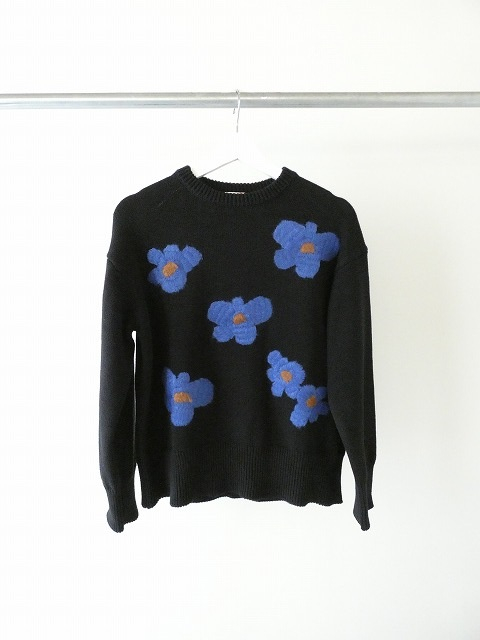 mao made(マオメイド) ちょい分厚め やわらかコットン　ざっくりお花刺繍プルオーバーの商品画像3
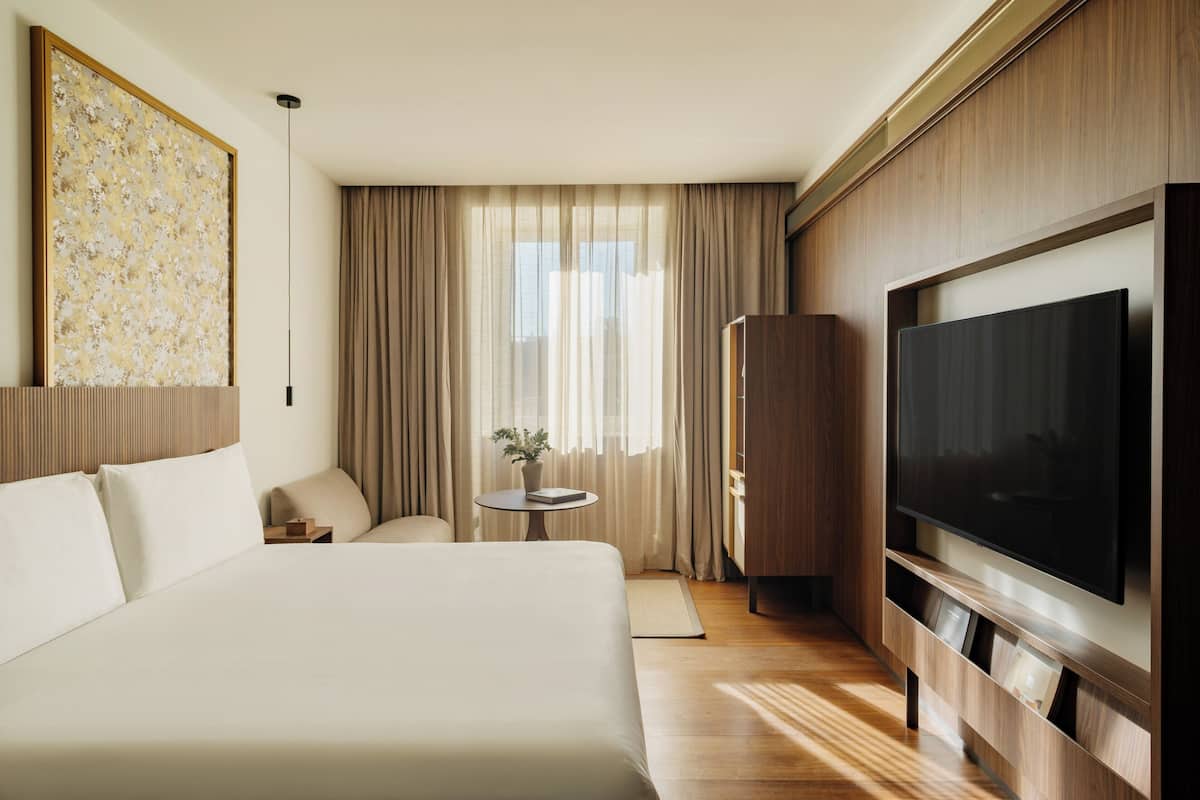 Hypo-allergenic bedding, down comforters, minibar, in-room safe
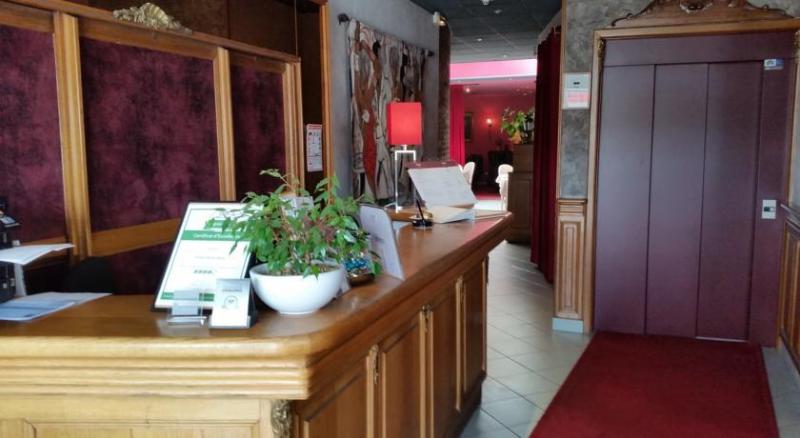 Отель Hôtel Porte Mars Reims Gare Centre Arena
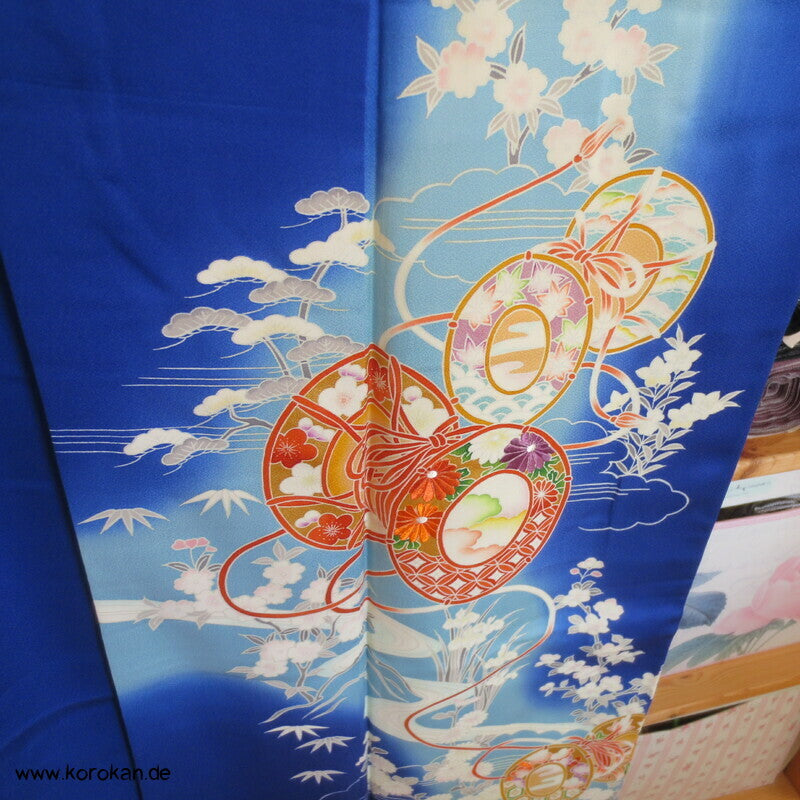Tsukesage Kimono Seide kobaltblau mit Handtrommeln, teilbestickt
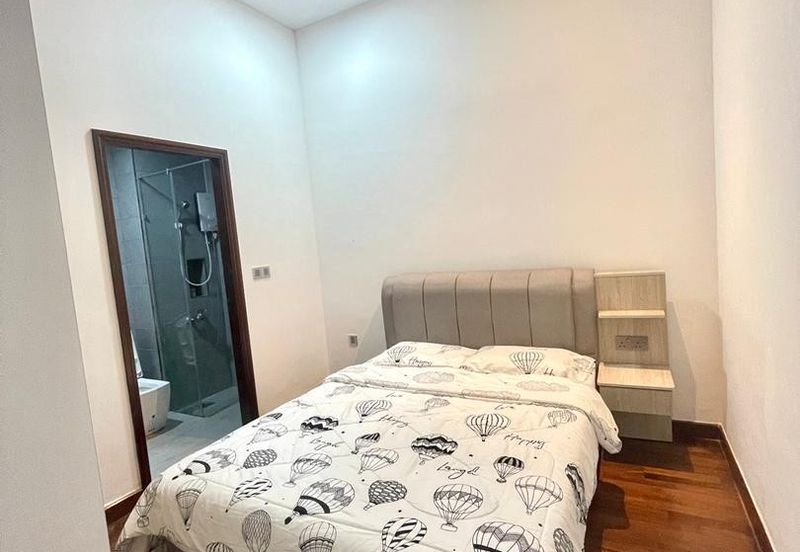 Paragon Suites @ CIQ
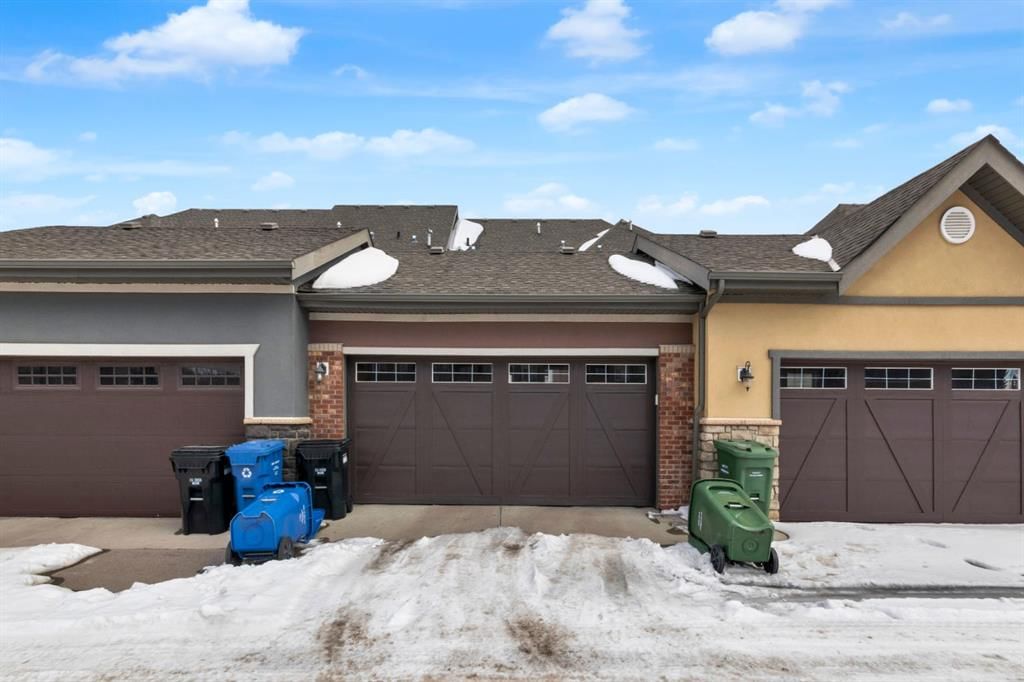 376 Quarry Park Boulevard SE, Calgary — photo 2 of 44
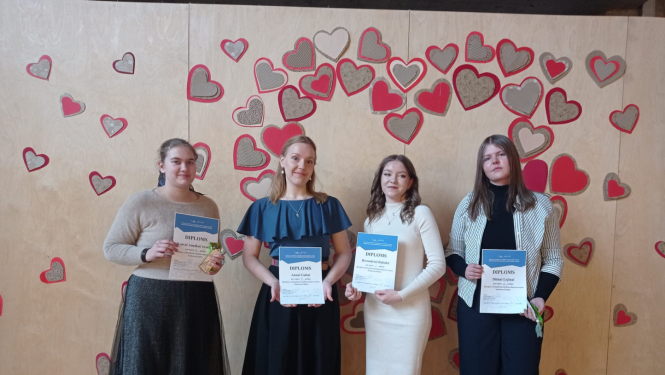 Skolēnu skatuves runas konkurss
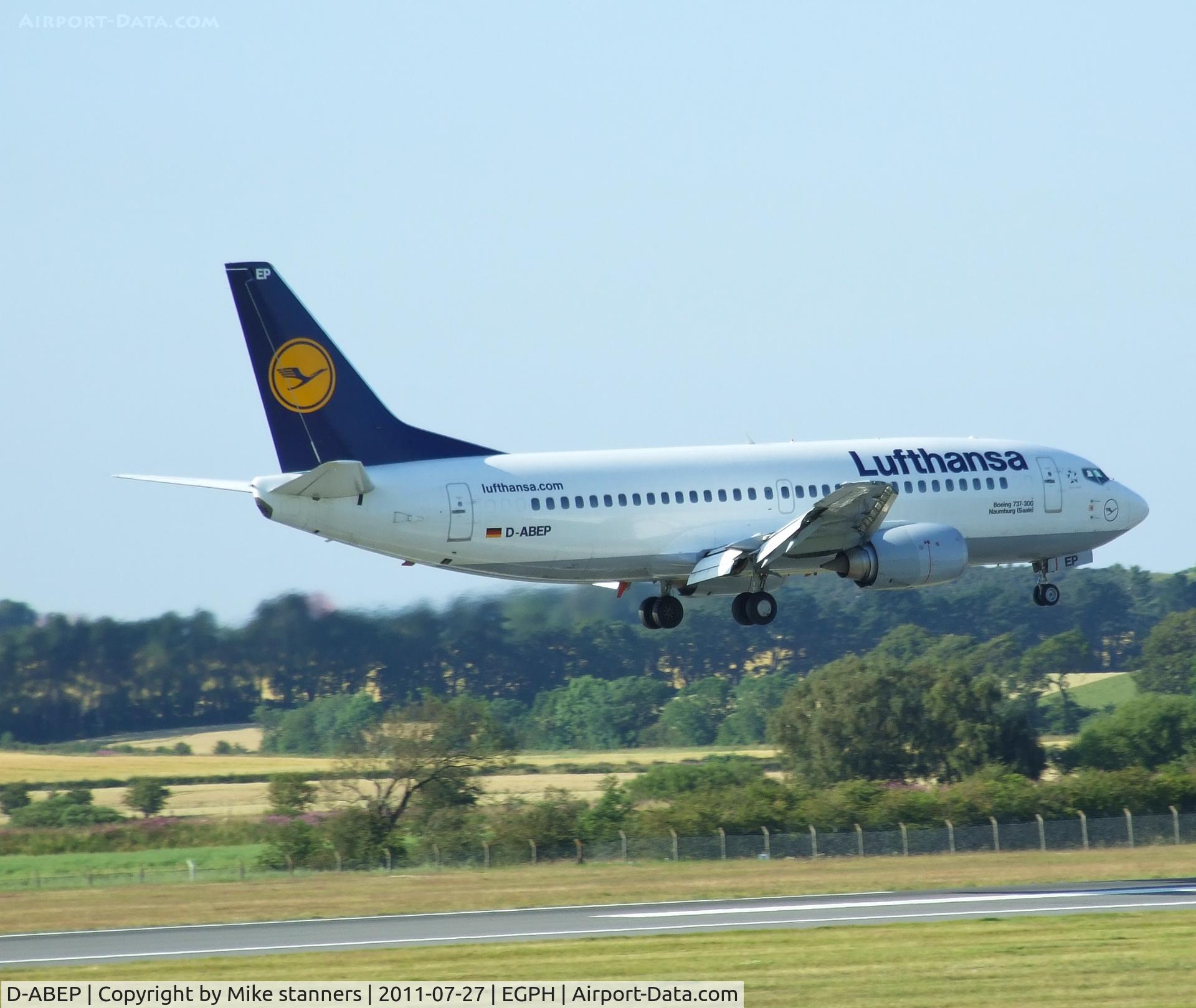 D-ABEP, 1992 Boeing 737-330 C/N 26430, “Lufthansa 6YL” landing runway 06 from FRA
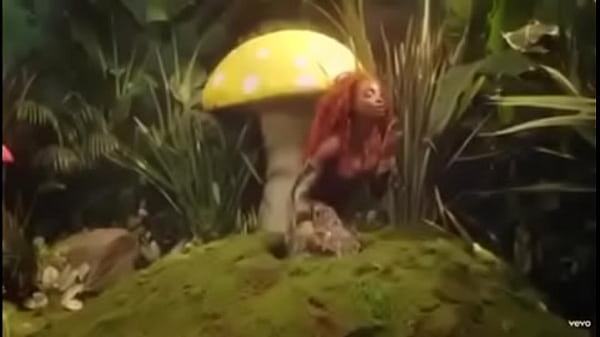 SZA - Good Days (Official Music Video)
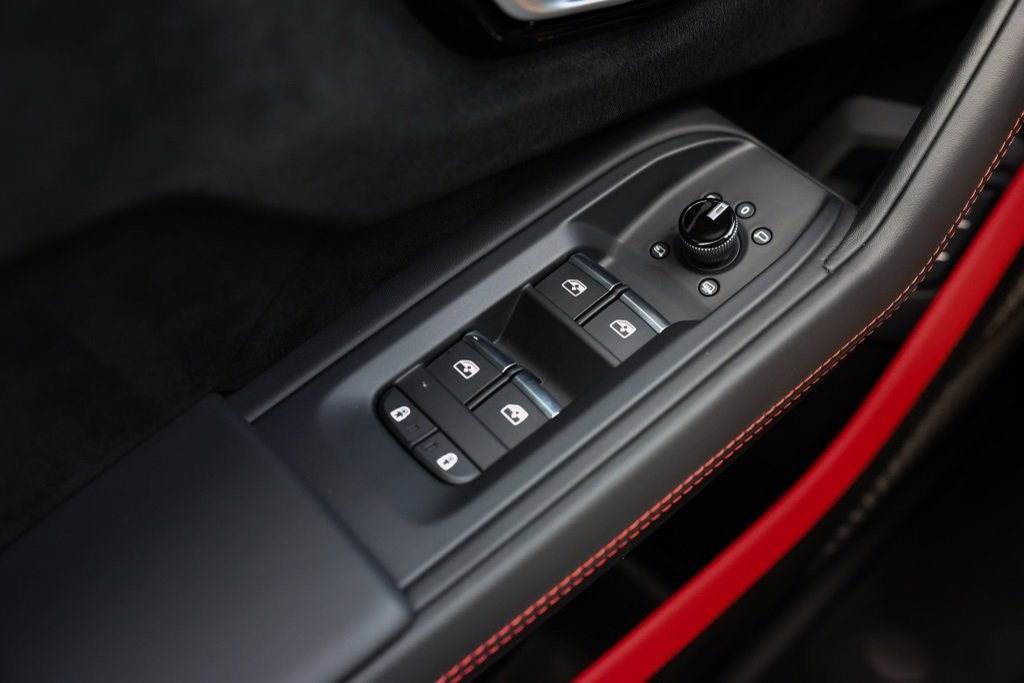 Used 2024 Lamborghini Urus Performante image 55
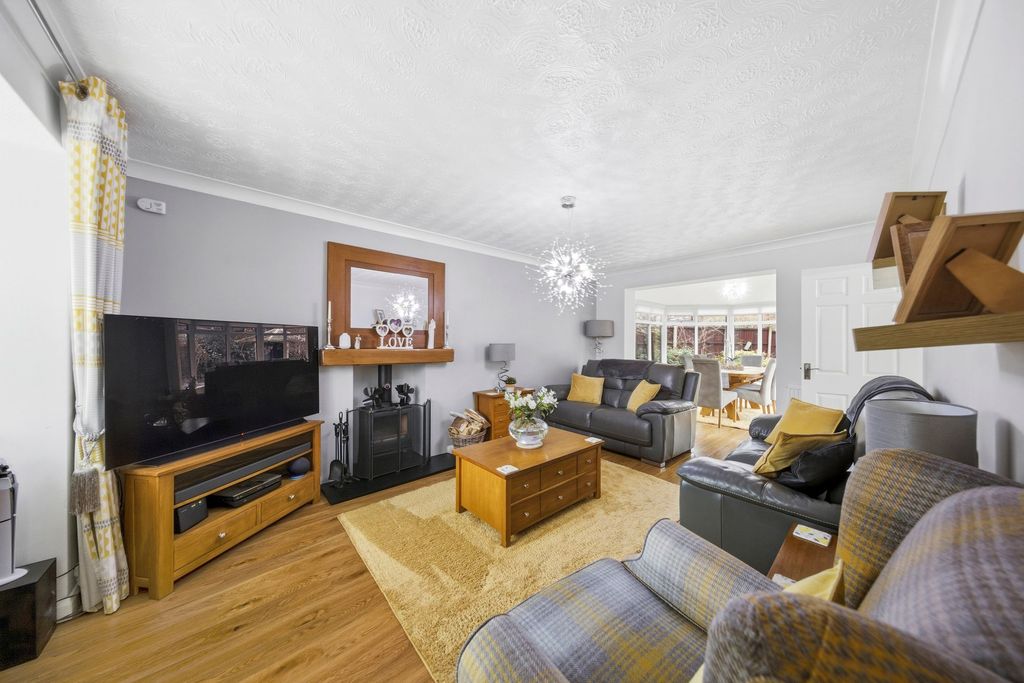 Property photo 2 of 26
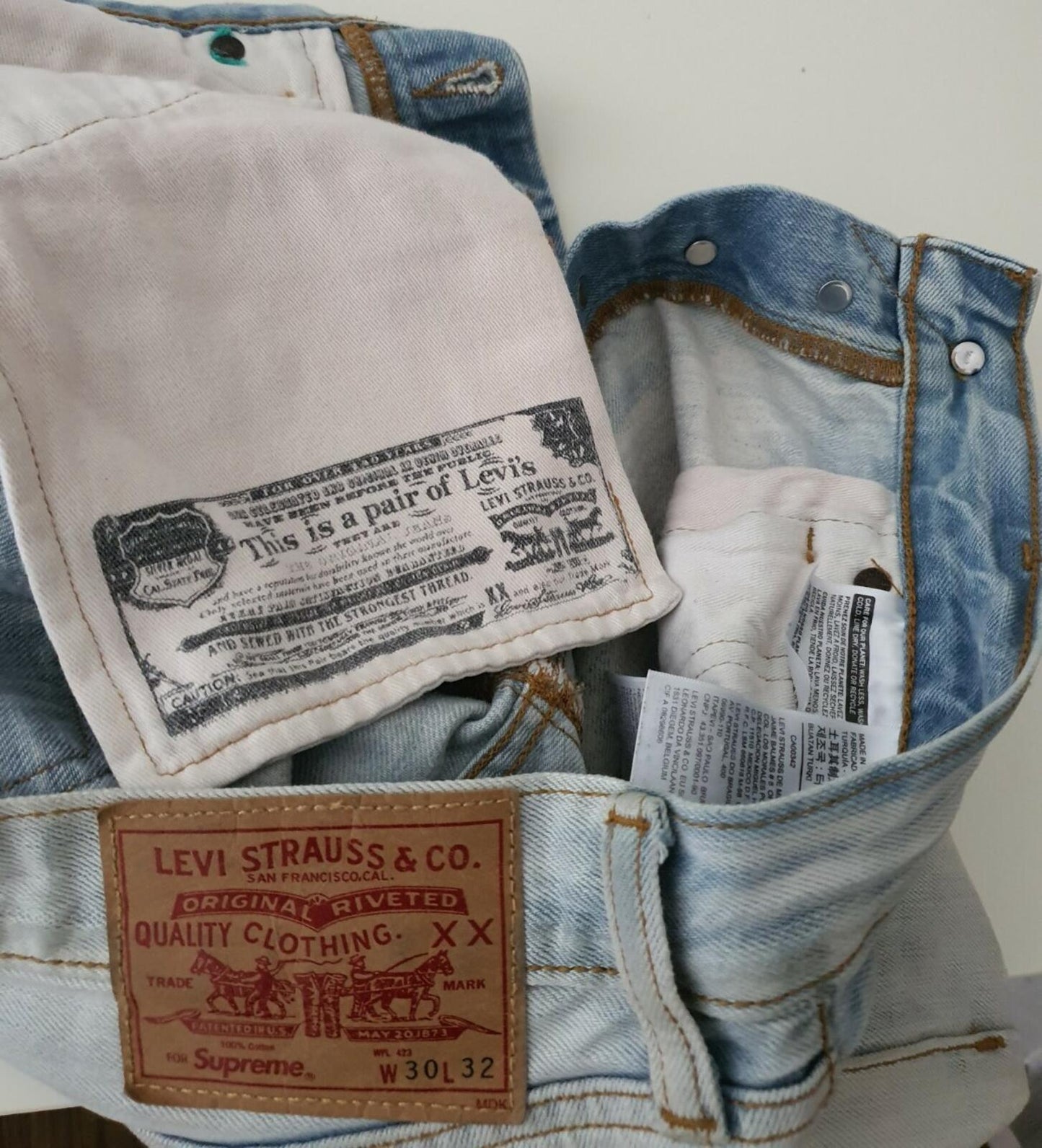 FW16 Supreme x Levi's 501 Bleached Jeans Size W30 L32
◆ ◆ ◆ ◆
:: Exercise aim ::
Hand back exactly the lines from the one with "Paragon Suites @ CIQ" through the last line of the data above, both ends included, with every picture left out.

:: Response to this exercise ::
 Paragon Suites @ CIQ
 376 Quarry Park Boulevard SE, Calgary — photo 2 of 44
 Skolēnu skatuves runas konkurss
 D-ABEP, 1992 Boeing 737-330 C/N 26430, “Lufthansa 6YL” landing runway 06 from FRA
 SZA - Good Days (Official Music Video)
 Used 2024 Lamborghini Urus Performante image 55
 Property photo 2 of 26
 FW16 Supreme x Levi's 501 Bleached Jeans Size W30 L32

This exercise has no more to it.